Lecture 2: Introduction to Filesystems

Note: Reading these lecture notes is not a substitute for watching the lecture. I frequently go off script, and you are responsible for understanding everything I talk about in lecture unless I specify otherwise.

A software view of hard drives

Just like RAM, hard drives provide us with some contiguous space that we can store information in. Information in RAM is byte-addressable: even if you’re only trying to store a boolean (1 bit), you need to read an entire byte (8 bits) to retrieve that boolean from memory, and if you want to flip the boolean, you need to write the entire byte back to memory. A similar concept exists in the world of hard drives. Hard drives are divided into sectors (often 512 bytes large), and are sector-addressable: you must read or write entire 512-byte sectors, even if you’re only interested in 32 bytes of information within a sector.

Sidenote: sectors are most commonly 512 bytes large, but this can vary. The size is determined by the physical hard drive (so it’s possible to have a computer with several hard drives, each using a different sector size).

Conceptually, a hard drive divided into sectors might look like this:

This is what the hardware presents us with, and this small amount is all you really need to know in order to start designing basic filesystems. As filesystem designers, we need to figure out a way to take this primitive system and use it to store a user’s files.

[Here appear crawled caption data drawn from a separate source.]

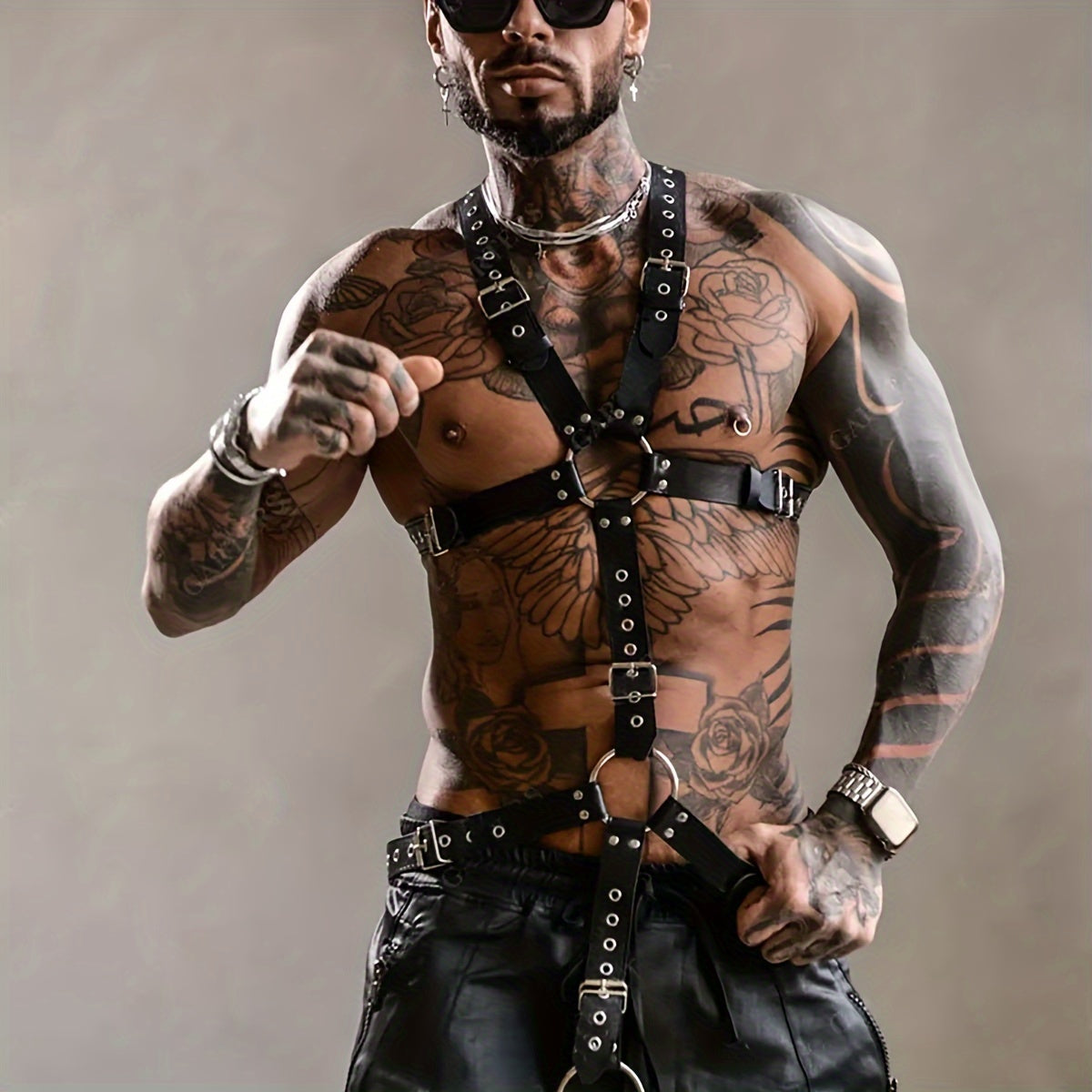 Men's Erotic Accessories Bondage Sexy Studded Vest Belt Fashion Body Vest Adjustable PU Leather Belt Suitable For Couples Dating Highlighting Pectoral Muscles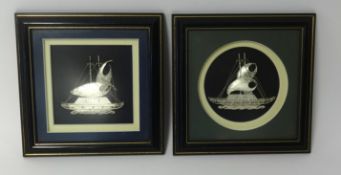 A Collection of Middle Eastern silver framed models of ships and objects (6).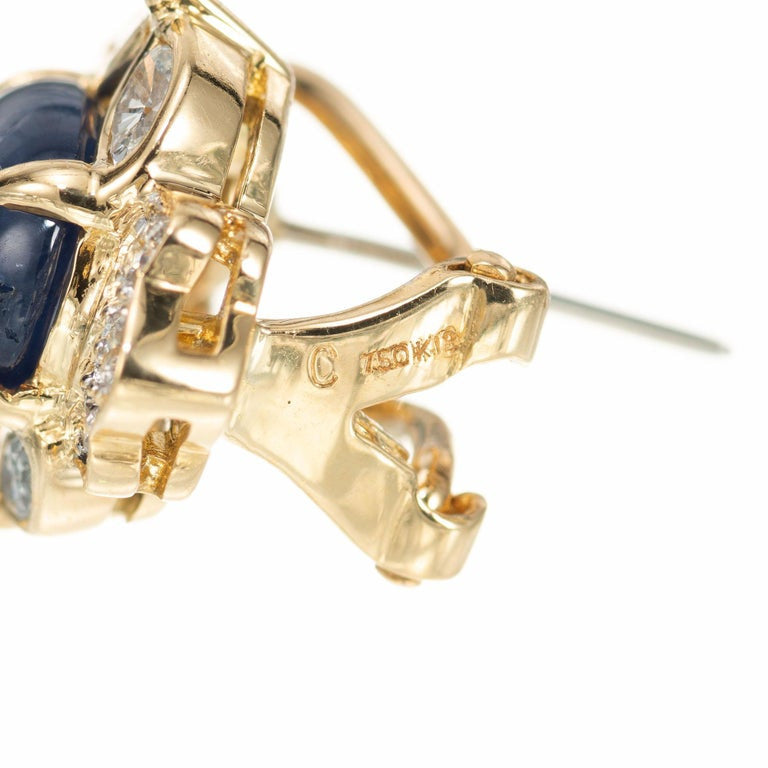 GIA Certified 5.50 Carat Sapphire Diamond Halo Yellow Gold Earrings – image 5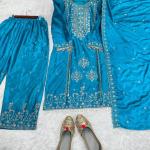 Noor Pure Chinon Embroidered Kurti Set with Palazzo & Dupatta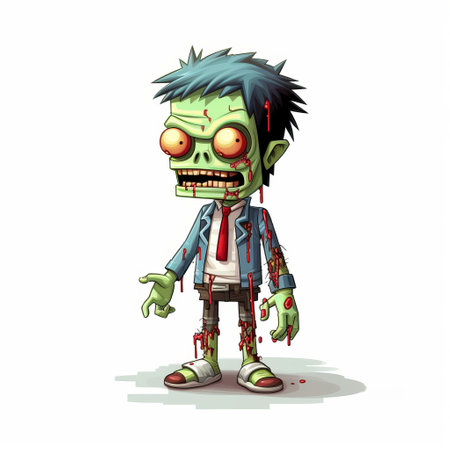zombie characters in cartoon style vector graphics, perfect for animated characters, game characters, monster comics, and movie characters. these highly detailed illustrations feature bold, manga-inspired characters with light blue and green tones. the realistic and hyper-detailed renderings are digitally enhanced, showcasing the unique style of cranberrycore and gadgetpunk aesthetics. ai generatedの素材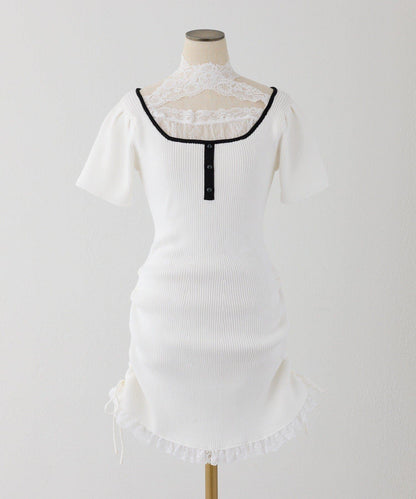Lace Collection 針織迷你連衣裙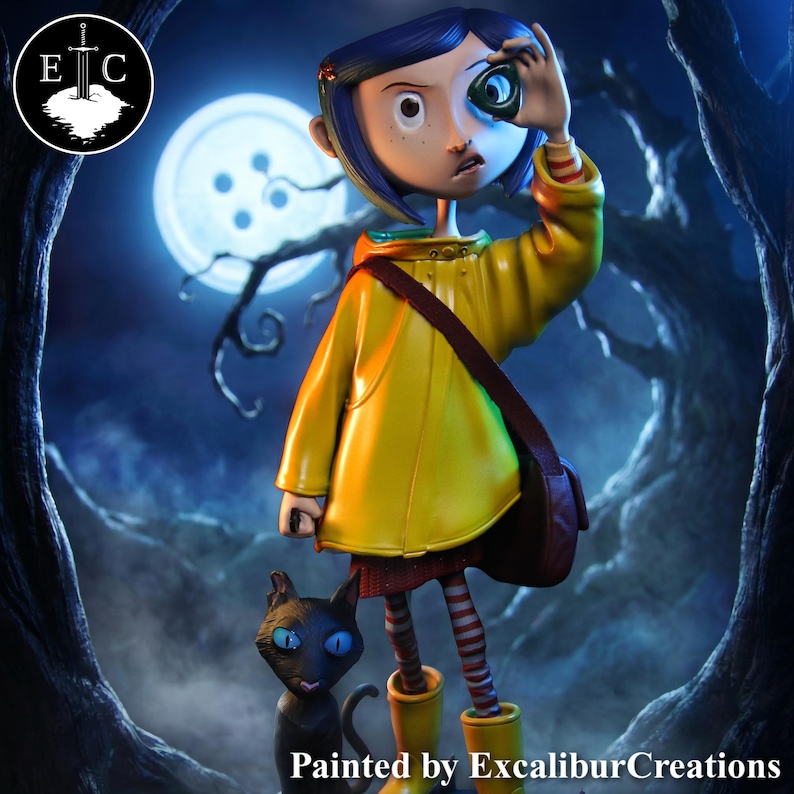 May include: A figurine of a girl in a yellow raincoat, holding a button-shaped object to her eye. A black cat with blue eyes stands beside her. The background features a full moon and dark, twisted trees. Text on the bottom reads "Painted by ExcaliburCreations."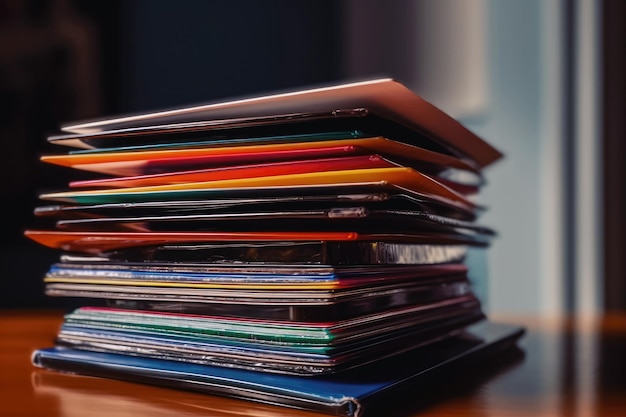 Stack Of Vinyl Records With Colorful Covers Generative AI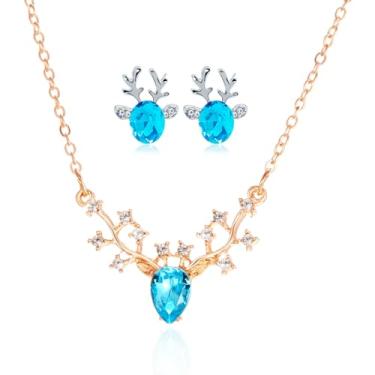 Imagem de QLUYCKW Conjunto de brincos de colar de rena de Natal para mulheres, lindo brinco de rena de pérola branca chifres delicados na moda, colar com pingente de veado para festas de Natal, Medium, Liga de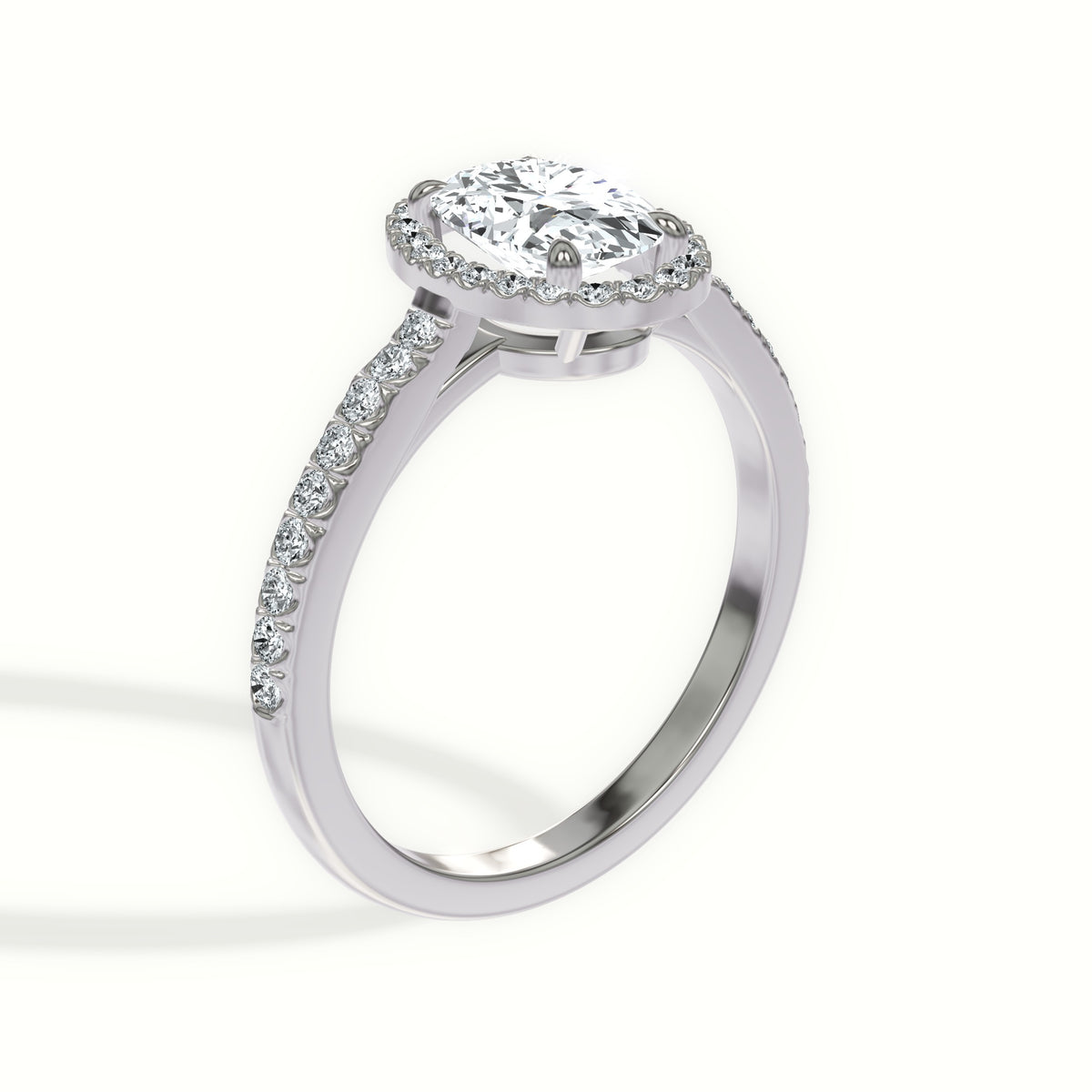 Cathedral French Pavé Diamond Halo Engagement Ring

Note: throughout the rest of the course, you may hear me use the term “block” instead of “sector.” Sectors are the physical base units on the hard drive, but the operating system might elect to do all its filesystem operations in terms of blocks (which are each comprised of several sectors). If an operating system chooses a block size of 1024 (spanning two 512-byte sectors), then when it accesses or modifies the filesystem, it will only read/write from the disk in 1024-byte chunks (despite the fact that the disk is capable of operating in 512-byte chunks). This has performance benefits which we won’t talk about (take CS 140 if you’re interested!). In this class, “blocks” and “sectors” are interchangeable.

Unix V6 filesystem concepts

Note: if you can, you should really watch this part of lecture, as I talk through the motivating factors that drove this design.

This diagram shows the basic design of the Unix V6 filesystem. There is a lot to unpack, so I will explain below:

General layout

At the beginning of the disk, a series of blocks is reserved for filesystem metadata. Metadata includes information such as the number of free blocks available, information for figuring out which files are stored where, etc. (Incidentally, this is the reason that when you buy a new 16GB flash drive and plug it into your computer, your computer reports that it has less than 16GB of free space.) The remaining blocks are used to store actual file contents. (The diagram is a little misleading; the portion used to store file contents is far larger than the portion used to store metadata.)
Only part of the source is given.